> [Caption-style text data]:
= = = =

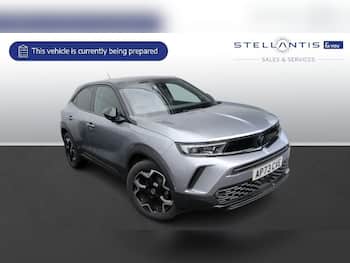 Used Vauxhall Mokka 2023 for sale - 79670819: Photo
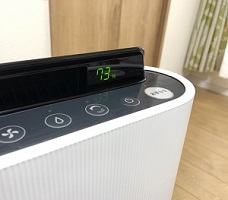 空気清浄機イメージ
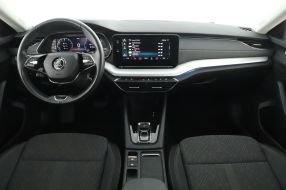 Škoda Octavia - 2022
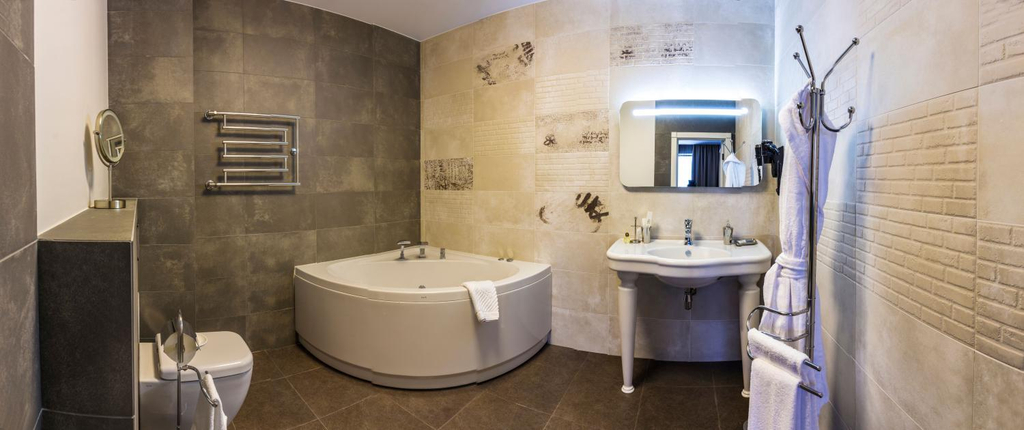 Others 3, ERA Hotel, Saratovskiy rayon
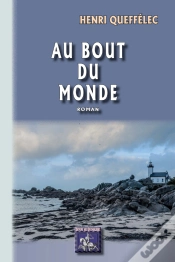 Capa do artigo Au Bout Du Monde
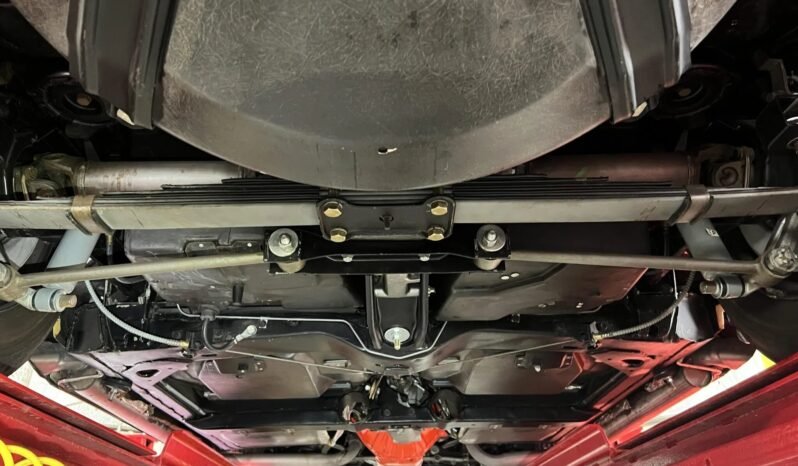 
								1969 Chevrolet Corvette Gold Convertible full									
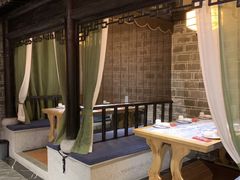 -江南韵·无锡太湖文化体验餐厅(凤凰天街店)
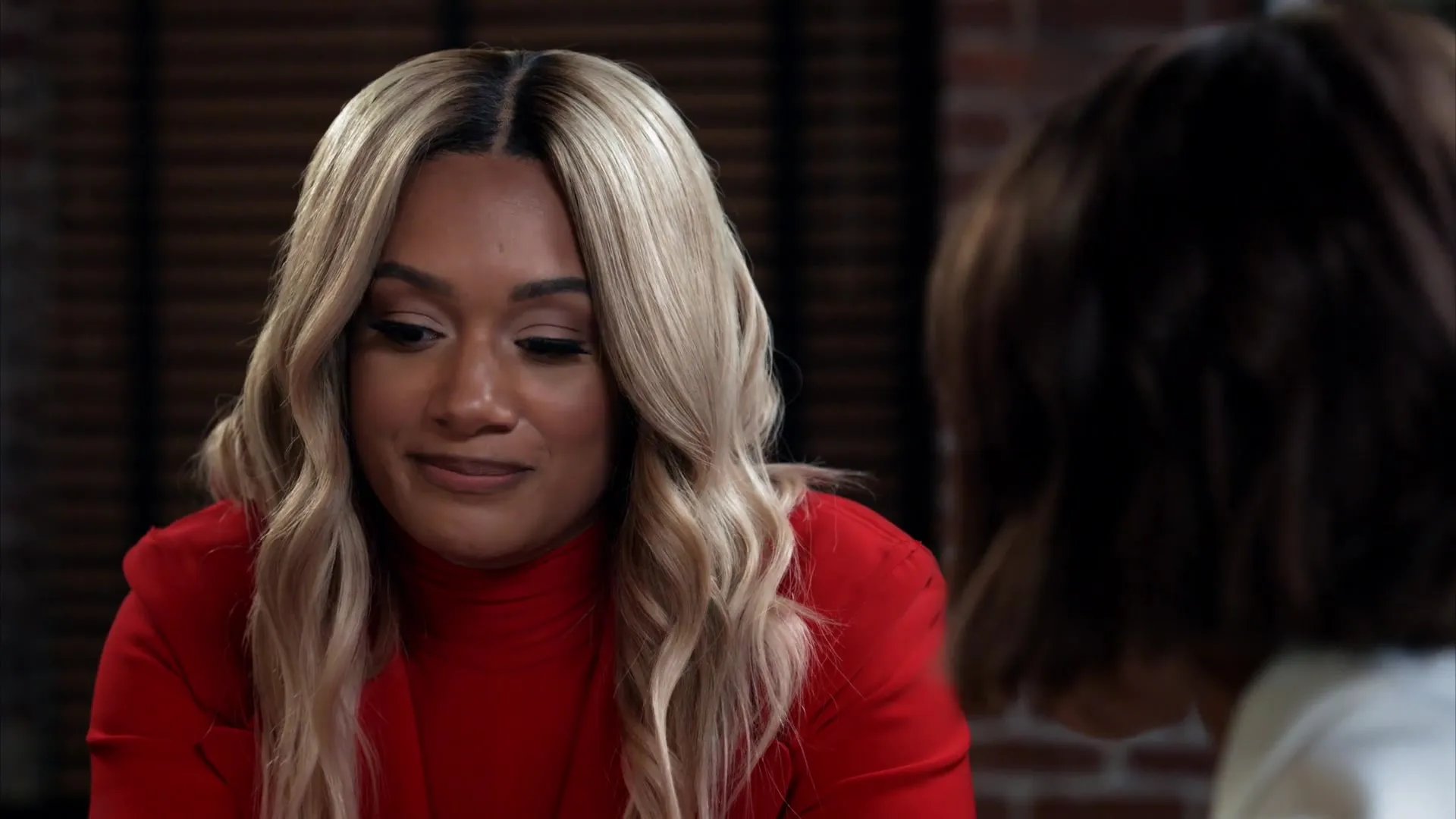 Tyler Perry's Sistas S09E16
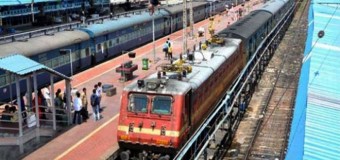 Rs 10 lakh insurance cover for rail passengers in less than Rs 2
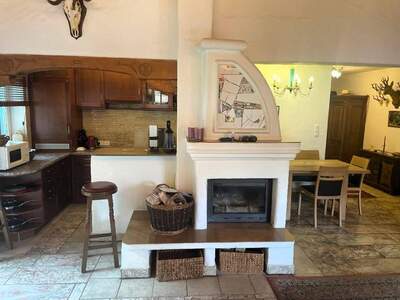 Wohnung kaufen in 6351 Scheffau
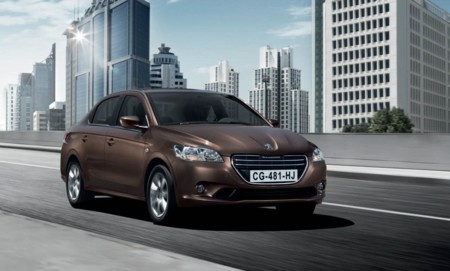 Peugeot 301 HDi Allure, el mismo motor diésel, pero ahora más equipado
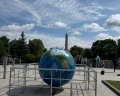 Московский планетарий: отзыв от Анна Никитина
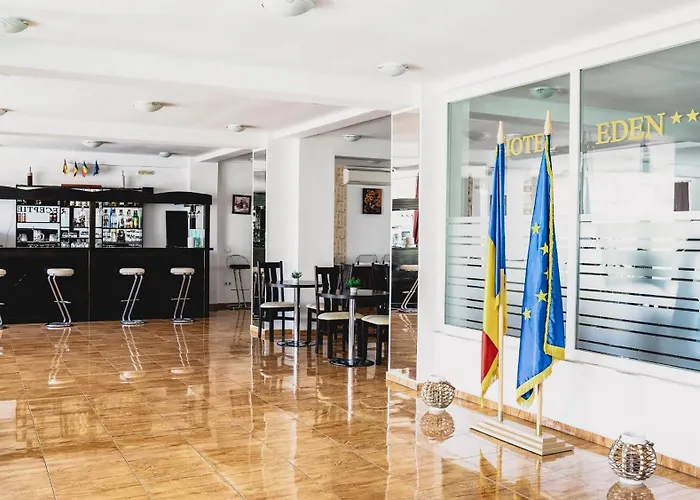 Hotel Eden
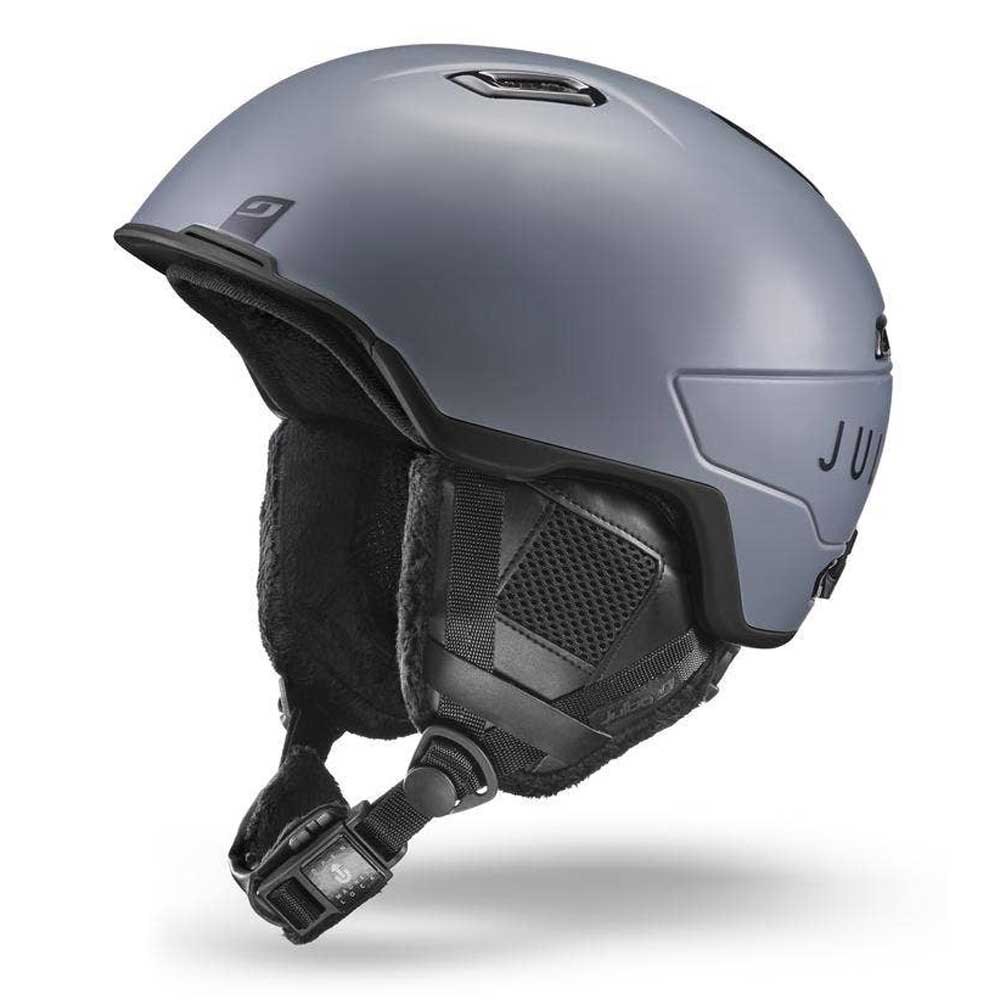 Julbo Hal Evo Mips Helmet Schwarz 54-58 cm von Julbo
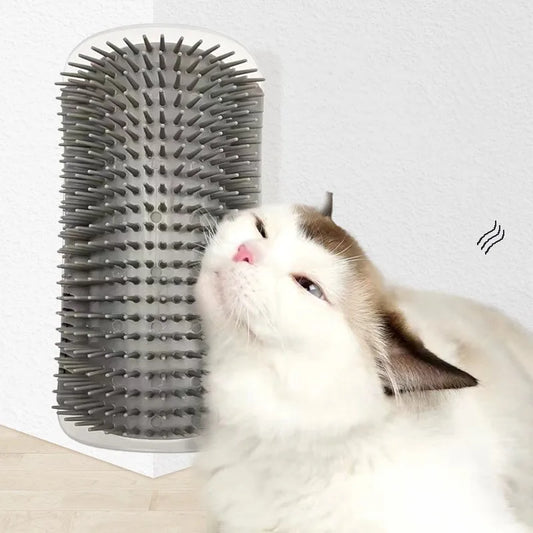 Corner Massage Brush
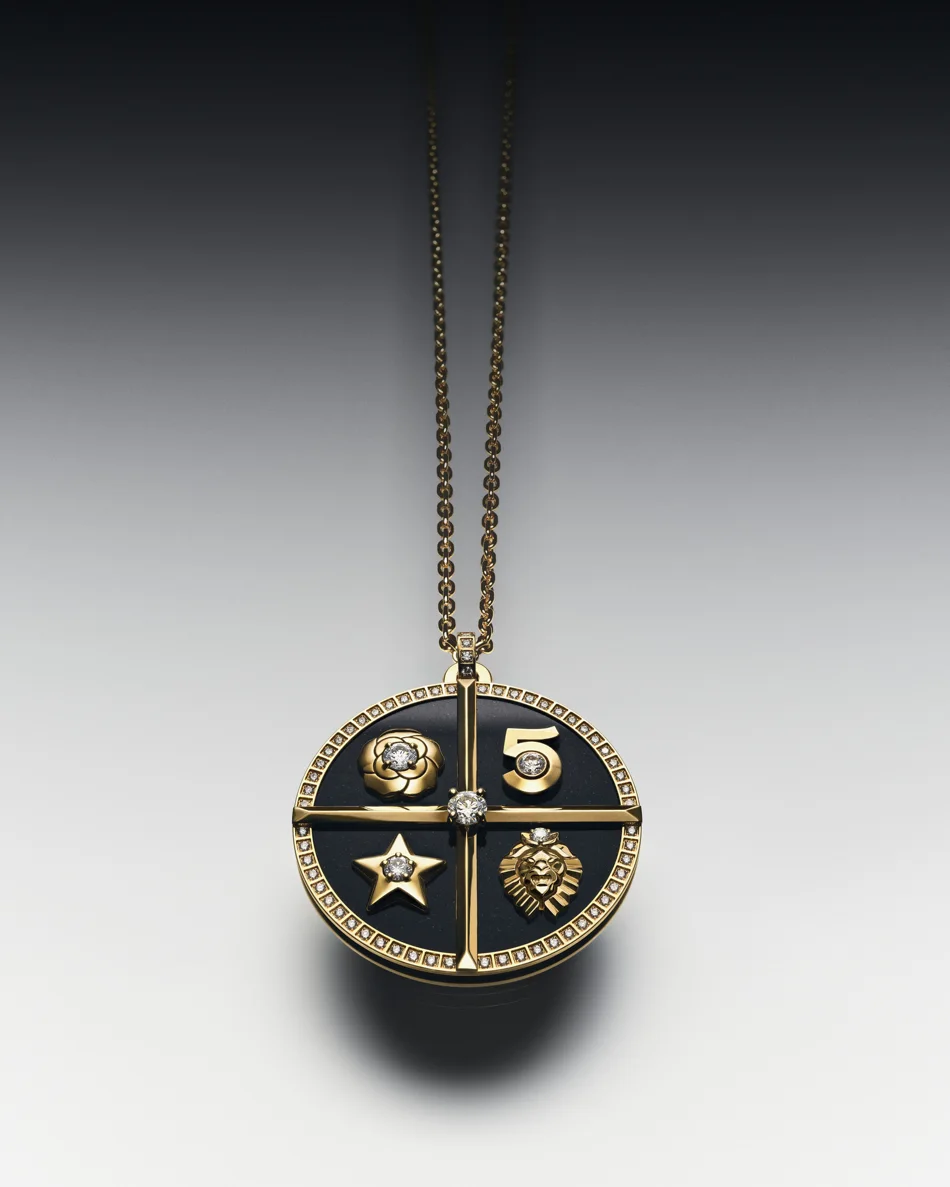 CHANCE de CHANEL ŞANSI EN ÜST DÜZEYE ÇIKARIYOR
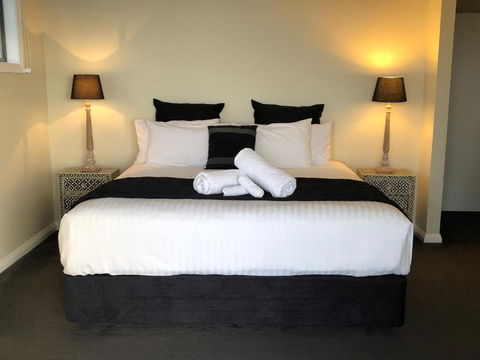 SEA EAGLE COTTAGE Amazing Views Of Bay Of Fires - Southport Accommodation 4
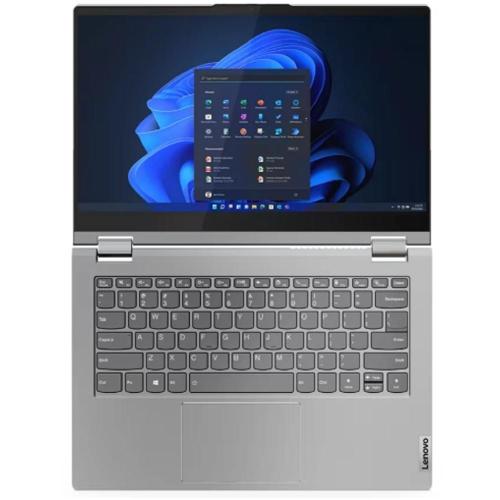 Ноутбук Lenovo 21JG001TAU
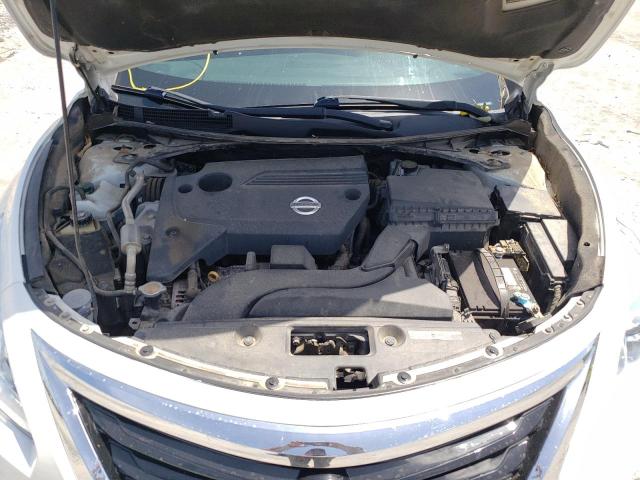 Photo 7 from auction – 2013 NISSAN ALTIMA 2.5 with VIN 1N4AL3AP2DN537394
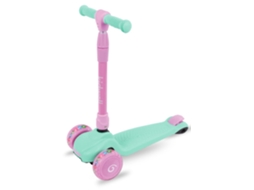 Scooter KIDWELL JAX Mint/Pink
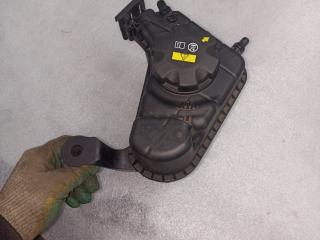 бачок расширительный BMW 1 серия F20/F21 [2-й рестайлинг] F20 2018, 2.0 л., B48 B20 B, бензин, АКПП, mineral gray, хетчбэк 5 дв., задний привод, правый руль, 17138677649, 8677649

= = = =

> [Task to complete]: What is needed is an exact copy of the data, without any pictures.

> [Reply]:
 Used Vauxhall Mokka 2023 for sale - 79670819: Photo
 空気清浄機イメージ
 Škoda Octavia - 2022
 Others 3, ERA Hotel, Saratovskiy rayon
 Capa do artigo Au Bout Du Monde
								1969 Chevrolet Corvette Gold Convertible full									
 -江南韵·无锡太湖文化体验餐厅(凤凰天街店)
 Tyler Perry's Sistas S09E16
 Rs 10 lakh insurance cover for rail passengers in less than Rs 2
 Wohnung kaufen in 6351 Scheffau
 Peugeot 301 HDi Allure, el mismo motor diésel, pero ahora más equipado
 Московский планетарий: отзыв от Анна Никитина
 Hotel Eden
 Julbo Hal Evo Mips Helmet Schwarz 54-58 cm von Julbo
 Corner Massage Brush
 CHANCE de CHANEL ŞANSI EN ÜST DÜZEYE ÇIKARIYOR
 SEA EAGLE COTTAGE Amazing Views Of Bay Of Fires - Southport Accommodation 4
 Ноутбук Lenovo 21JG001TAU
 Photo 7 from auction – 2013 NISSAN ALTIMA 2.5 with VIN 1N4AL3AP2DN537394
 Scooter KIDWELL JAX Mint/Pink
 бачок расширительный BMW 1 серия F20/F21 [2-й рестайлинг] F20 2018, 2.0 л., B48 B20 B, бензин, АКПП, mineral gray, хетчбэк 5 дв., задний привод, правый руль, 17138677649, 8677649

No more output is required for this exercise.